(Extracted data entries)
* * *

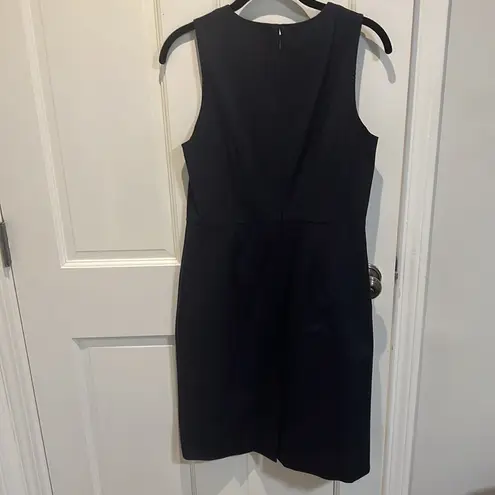 J.Crew  Navy Sheath dress in bi-stretch cotton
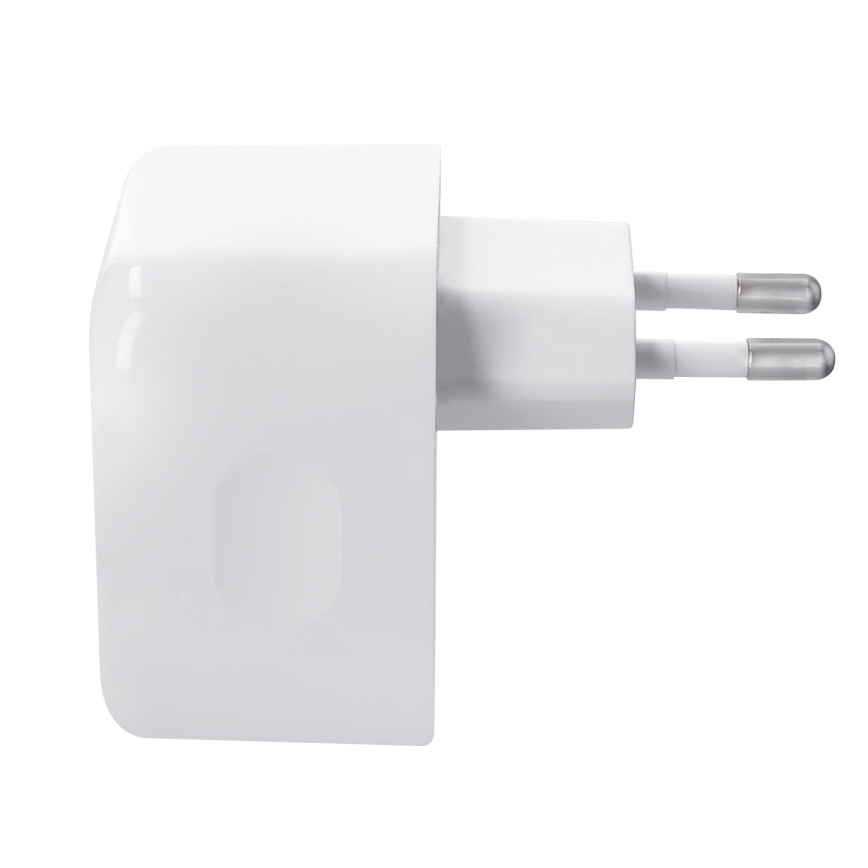 Rychlonabíjecí adaptér 2xUSB-C 36W bílá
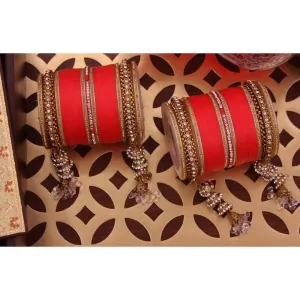 Bridal Bangles Set, Indian Jewelry, Latkan Bangles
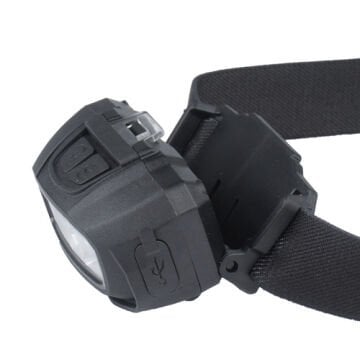 Mil-Tec - GC220 Şarj Edilebilir Kafa Lambası - 220 lm - Siyah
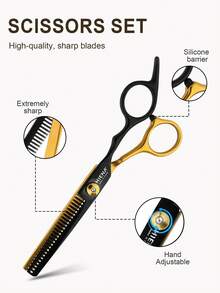 HIENA 男士USB充电式无线理发器 - 胡须修剪器，精密R型刀片修剪器，配备多种理发工具，结构坚固耐用 - 查看 4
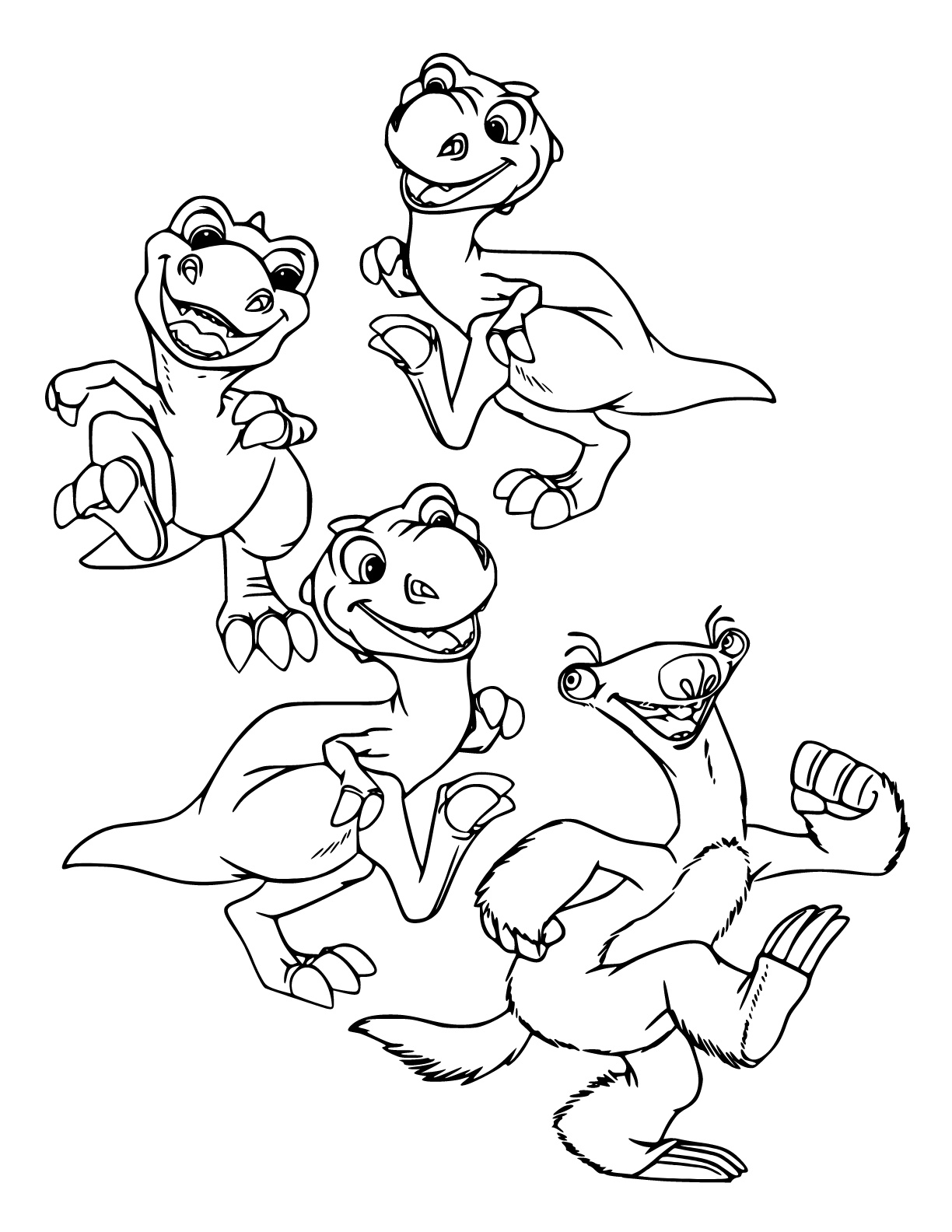 Desenho de A Era do Gelo para colorir e imprimir: número 6
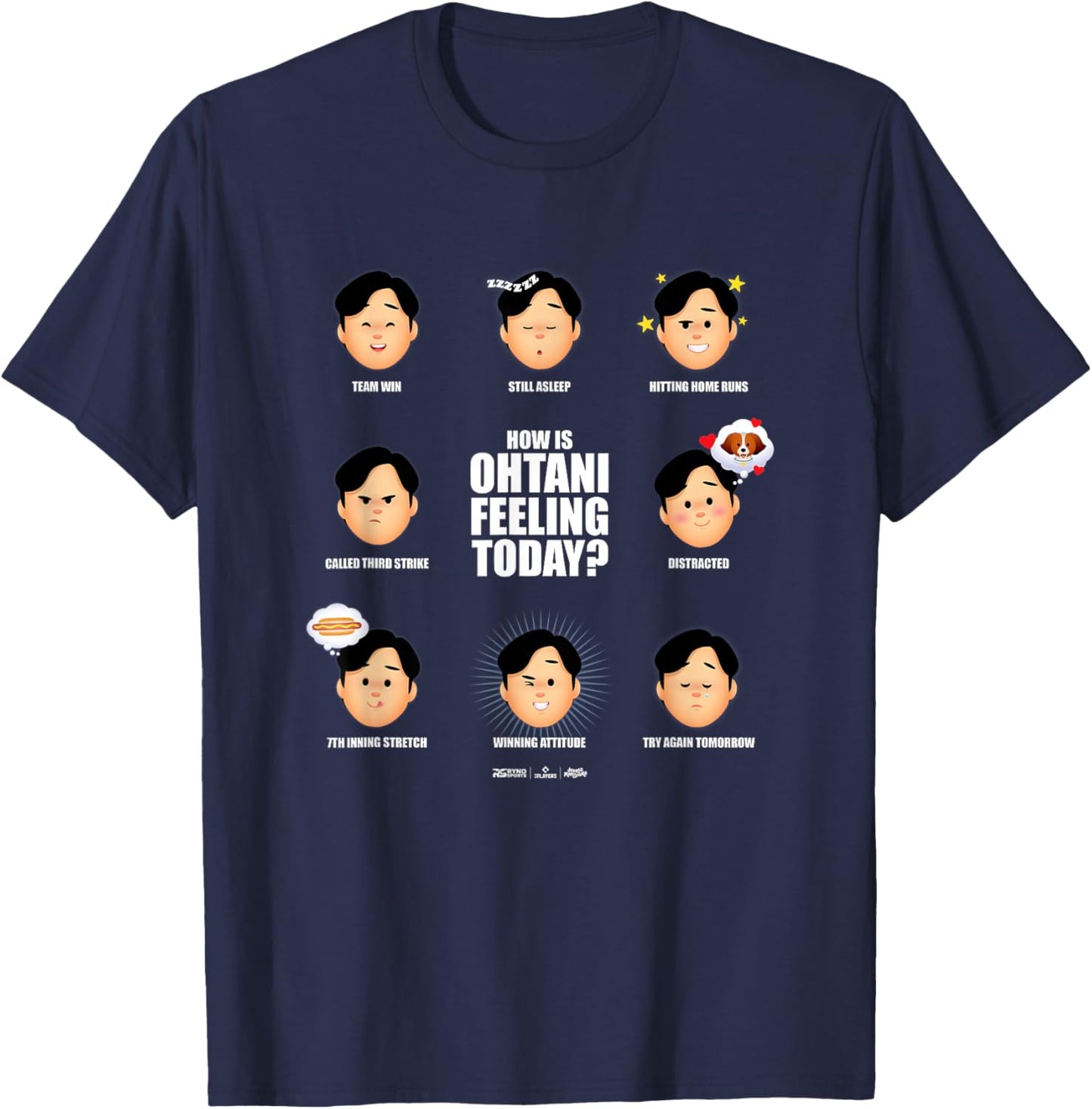 Shohei Ohtani Los Angeles Feeling Today? MLB Players T-Shirt - T-Shirt | Navy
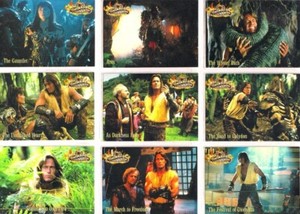 2001 HERCULES THE COMPLETE JOURNEYS COMPLETE BASIC TRADING CARD SET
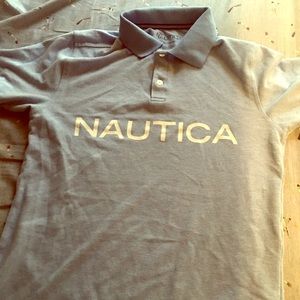 A Light Blue Nautica Polo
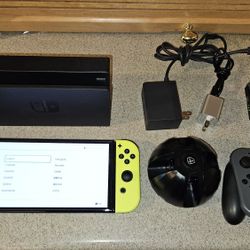 Used Nintendo Switch OLED Bundle Console, Dock, Controllers, & Charger
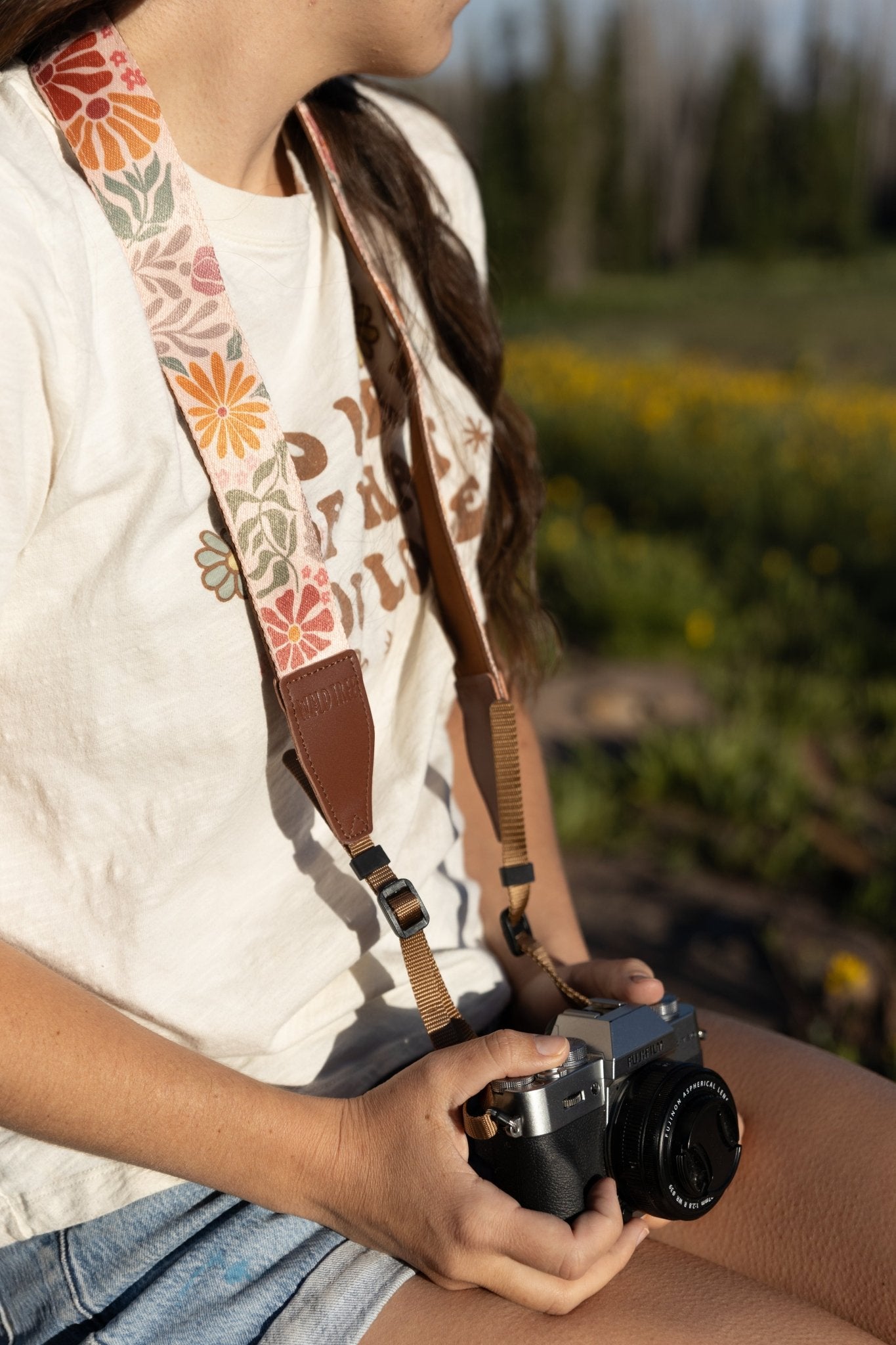 Sunset Floral Camera Strap - Paranoid Ranch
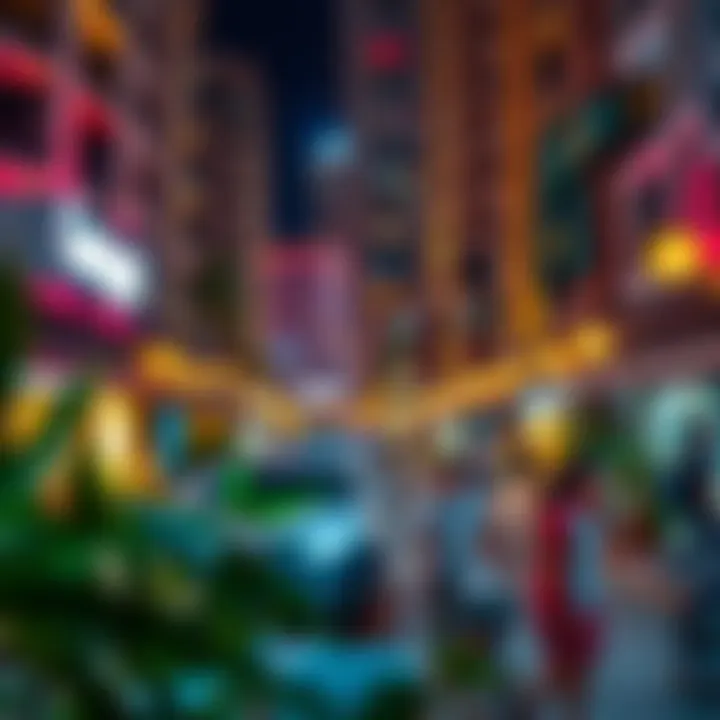 Community Vibes around API Centrepoint Apartments Vibrant community atmosphere surrounding API Centrepoint Apartments in Dubai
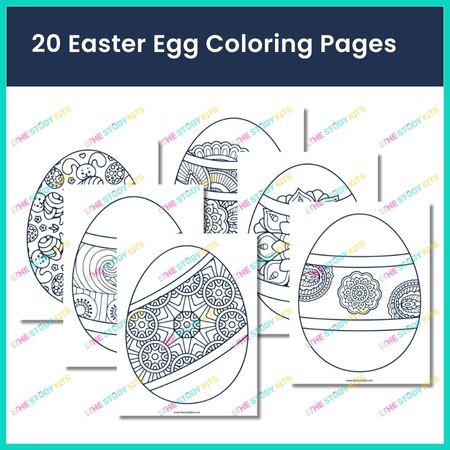 Easter Egg Coloring Pages for Kids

* * *

* [What you are asked to do]: The records must come back exactly, with their pictures removed.

* [Output of the task]:
 J.Crew  Navy Sheath dress in bi-stretch cotton
 Rychlonabíjecí adaptér 2xUSB-C 36W bílá
 Bridal Bangles Set, Indian Jewelry, Latkan Bangles
 Mil-Tec - GC220 Şarj Edilebilir Kafa Lambası - 220 lm - Siyah
 HIENA 男士USB充电式无线理发器 - 胡须修剪器，精密R型刀片修剪器，配备多种理发工具，结构坚固耐用 - 查看 4
 Desenho de A Era do Gelo para colorir e imprimir: número 6
 Shohei Ohtani Los Angeles Feeling Today? MLB Players T-Shirt - T-Shirt | Navy
 2001 HERCULES THE COMPLETE JOURNEYS COMPLETE BASIC TRADING CARD SET
 A Light Blue Nautica Polo
 Used Nintendo Switch OLED Bundle Console, Dock, Controllers, & Charger
 Sunset Floral Camera Strap - Paranoid Ranch
 Community Vibes around API Centrepoint Apartments Vibrant community atmosphere surrounding API Centrepoint Apartments in Dubai
 Easter Egg Coloring Pages for Kids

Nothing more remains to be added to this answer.